In an article that appears to declare that Blu-ray Disc will cross the threshold this holiday sales season from being a new and promising video-disc format to a given that it will soon replace standard DVD, the New York Times declares that "even as the country moves tentatively out of a recession, consumers are buying the devices at a faster pace than they bought previous generations of movie players like the VCR and the DVD player."
As industry analysts predict that sales of Blu-ray players—which recently hit the $100-and-below level in some sales events—will be up more than 100 percent over the 2008 holiday season, the paper calls Blu-ray "one of the true bright spots in retailing this holiday season."
According to the Consumer Electronics Association, Blu-ray's household penetration is higher than standard DVD was over the same time frame following each product's introduction.

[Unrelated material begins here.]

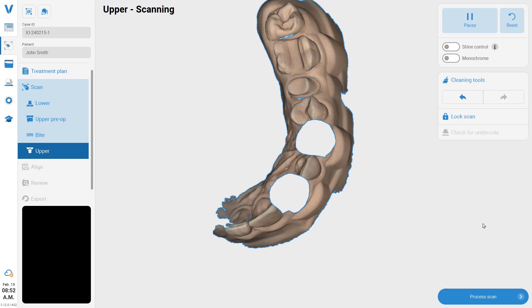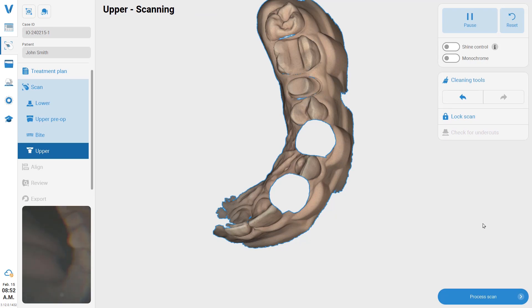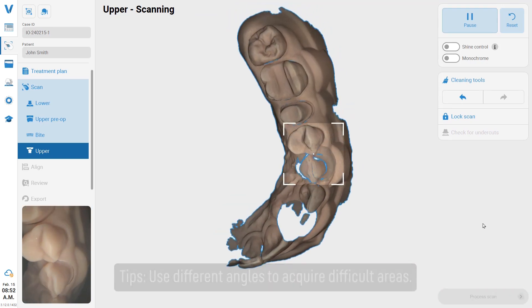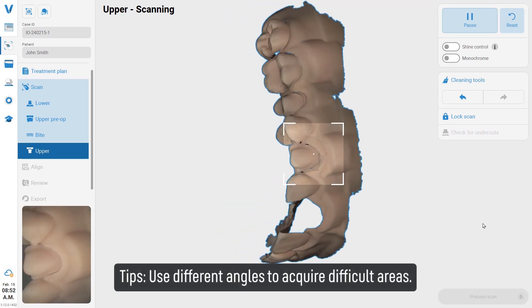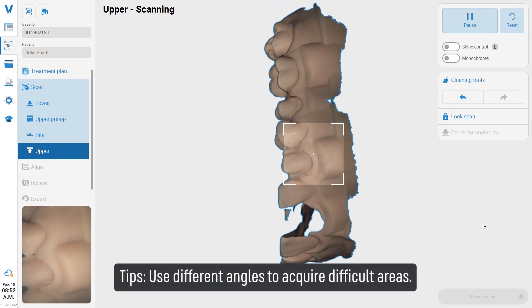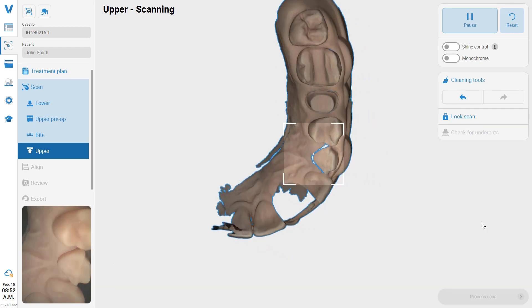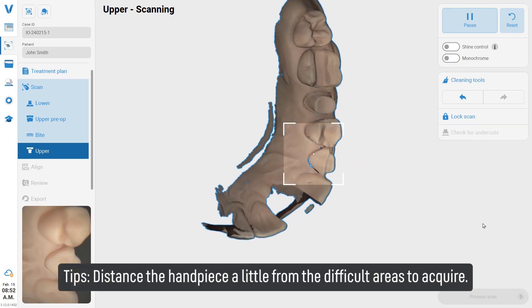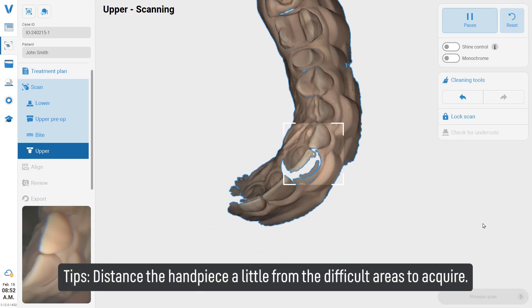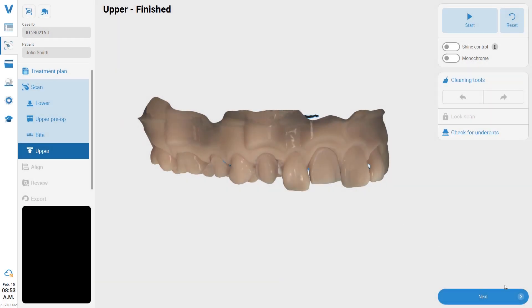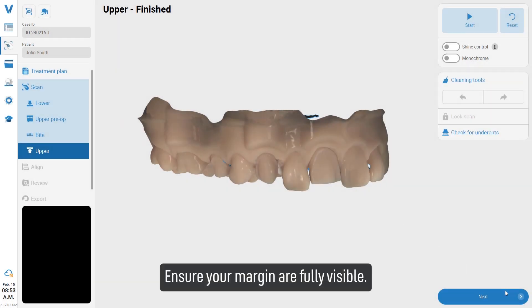Use different angles to acquire difficult areas. Distance the handpiece a little from the difficult areas to acquire them properly. Ensure your margins are fully visible.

Blu-ray players were introduced roughly three years ago (at first in mortal combat with then-lone competitor HD DVD) and now reside in about 7 percent of American homes (excluding PlayStation 3 game consoles).
Two big reasons, among others, are cited by media analyst iSuppli and the Blu-ray Disc Association as contributing to Blu-ray's success: 1) Products going for $100 or less are susceptible to impulse-buying; and 2) a growing number of homes have 1080p TV sets that can only reap the benefits of full 1080p video/audio (at least for the moment) from Blu-ray's 1080p format.